Here is a collection of members' stories in their own words. How they came to be on benzos in the first place, where they are at now, where they hope to go, and how they feel about it all.

Jenny

My name is Jenny. I live in the UK. I am a very long time user of valium, 31 years to be exact.

I was prescribed it by a doctor as I was so stressed out in my first teaching job with handicapped children. It worked for a couple of weeks, then I became agoraphobic. I could go almost anywhere as long I was with other people I trusted; I managed to travel a lot to Russia, Poland, and most of Europe. I just thought it was me, but looking back I was never very well on it, I did function. I held down some wonderful jobs, went to college, and life was ok until four years ago.

I started drinking too much. I didn't know why, but I do now. Benzos and alcohol use the same receptors. I was basically topping myself up with liquid valium when I got myself admitted to hospital to detox from alcohol. The day I was admitted was the worse day of my life. I was overdosed on 100mg of valium supposedly to stop withdrawals from alcohol which I wasn't having as I never drank in the day. From the day the suicidal thoughts started - the shaking, the panic, the loss of taste, the loss of the ability to communicate, the loss of concentration - the monophobia started (the fear of being alone), and much more. I was housebound for a year. The panic was too bad to leave home. Not only was I trapped, but my dear husband, Ian, could go nowhere either. After six months of this, I took what should have been a fatal overdose and said "goodbye cruel world". I woke five days later in intensive care. I guess God didn't want me to die and kept me alive for a reason.

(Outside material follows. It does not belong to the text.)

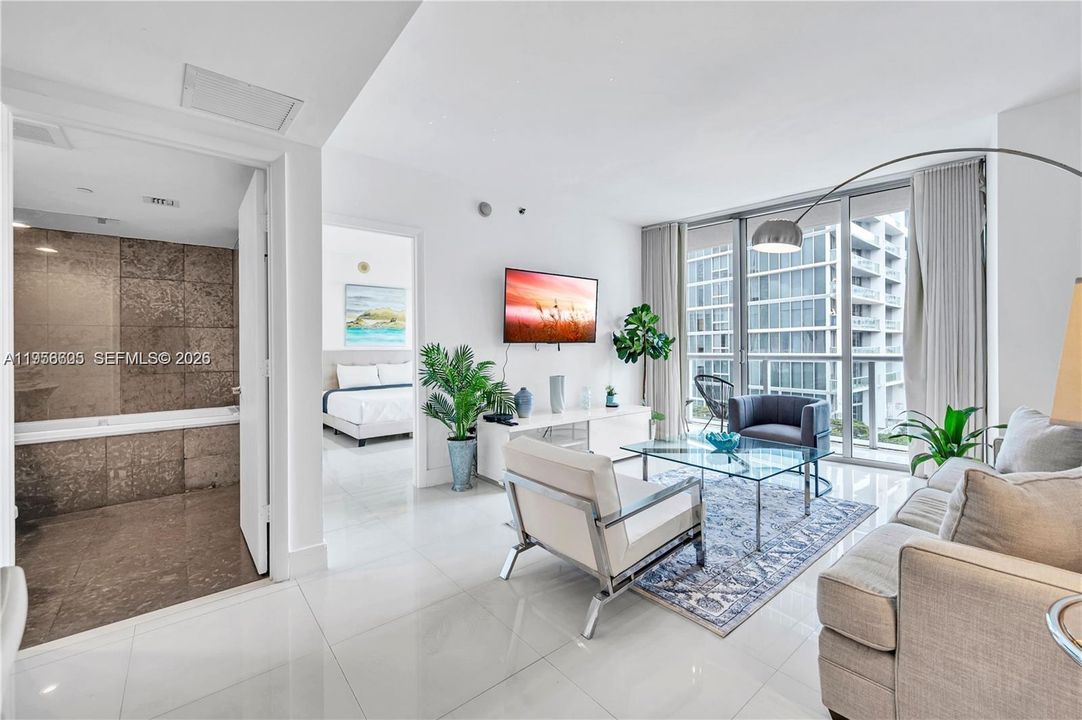 For Sale: $599,000 (1 beds, 1 baths, 876 Square Feet)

I tapered for a year. When I came off, I was able to go out again and was able to travel to see my darling brother. He was then diagnosed with terminal cancer, and everyday my sister and I would travel to care for him. He lived alone and died three months later. I am nearly three years off, and I guess it's taking so long as I was on the valium a long time, and also that last high dose must have blown my brains out.

I can now drive, do housework, eat again without food tasting of metal and cardboard, socialise, and of late I have gotten a little voluntary job helping to organise the village festival. I am going for a meal with my friends, the first time in nearly four years. So I guess you could say I am getting there. My life has been hell on earth for the last couple of years, but I can see light at the end of the tunnel. I really don't want to frighten anyone, but it's probably my long term usage that has put me in this situation.

Genie

In 1998, I was a fairly well-adjusted, happy woman of 52. I had just graduated from court stenography school, and I was about to embark on a new "career" as a court stenographer.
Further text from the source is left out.